I want only to resend a request to the resource that timed out, and not request the whole page all over again. Is this possible?


Solution

  • You can resend the (GET) request, but this won't help you much, because the reason of the request is different.

    Resource requests happen automatically when for example a javascript file is referenced in a <script> tag. You can download it with PhantomJS through XHR, but it is likely that other scripts that depend on it, already tried to run and failed. You would have to re-run all of them again. This is really tedious.
    Other resources like CSS files or images are not that timing sensitive and can be re-downloaded. But when you do, you have to insert them to the correct place. Let's take a CSS file for example.

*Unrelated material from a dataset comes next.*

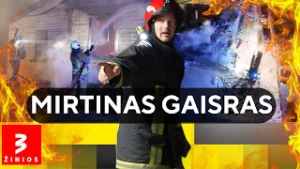 Kaimą pažadino liepsnos: tragedija prie Vievio baigėsi žmogaus žūtimi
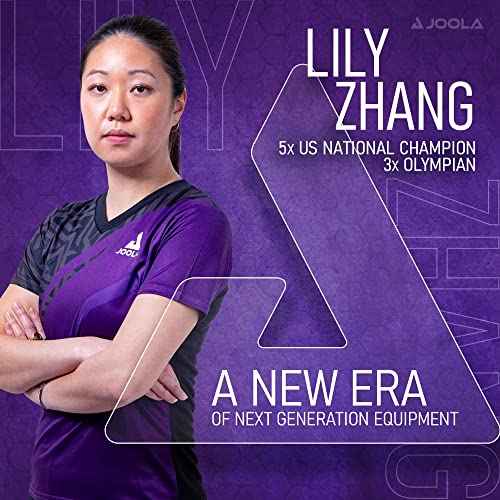 JOOLA WM Professional Table Tennis Net and Post Set - ITTF Tournament Approved - 72in Regulation Ping Pong Net with Screw On Clamp Attachment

    1. You can detect that it was a CSS resource from the request headers or from the url,
    2. check the DOM that the resource is actually referenced,
    3. copy the DOM node with all its attributes (and innerHTML) to a new DOM node,
    4. remove the old one and insert the new one. Nothing has changed, but it should have prompted the browser to download the resource again. All of this has to be done in the page context in the page.evaluate callback.

    XHR requests are explicitly sent through the page. So every request has a finish/error callback. You can't access those callbacks from outside so, it will not work to rerun those requests, because the actions that happen after those requests won't be called.

    You may want to run PhantomJS with the --disk-cache=true option, so that it takes less time to run the page request again.